Both of Minnesota’s U.S. senators took actions this week to help struggling state farmers.
Sen. Al Franken joined 23 other senators in asking the U.S. Ag Department to buy $100 million in pork, said the Bemidji Pioneer.
(In his new, non-joking persona, you can be sure Franken said nothing about how this might be the ultimate in pork barrel politics.)
According to the paper:
“Right now pig farmers across Minnesota are facing a crisis,” Franken said in a statement about his measure. “This isn’t the result of bad financial planning, just bad luck and a worse economy. Farmers are the backbone of our state, and I’m going to do what I can to help them.”

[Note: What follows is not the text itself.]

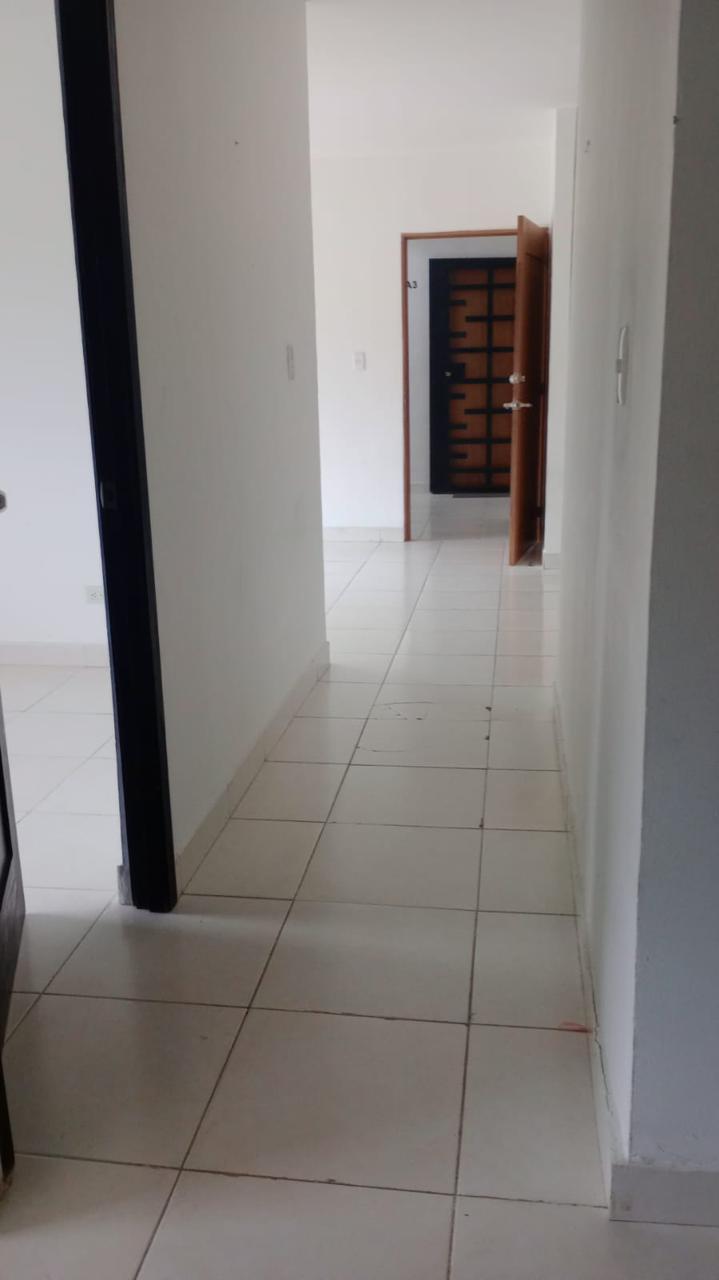 apartamentos - Alquilo en Residencial Brisas del caribe  1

Since September 2007, the U.S. pork industry lost $4.6 billion, with farmers losing an average of more than $21 on every hog sent to market, Franken said.
A number of factors contributed to the severe losses, including rising farming input costs and a worldwide recession. The losses were only exacerbated with the outbreak of the H1N1 virus misnamed swine flu, and that misinformation that caused unwarranted export bans, he said.
And Sen. Amy Klobuchar was active on the dairy farm front, co-sponsoring an amendment to provide additional relief to dairy farmers struggling with plummeting dairy prices by providing the U.S. Department of Agriculture with $350 million to buy milk and other dairy products.
It’s part of the 2010 agriculture appropriations bill and would provide USDA with $60 million in additional funds to buy more surplus dairy products for food banks and other programs, along with $290 million in aid to dairy farmers.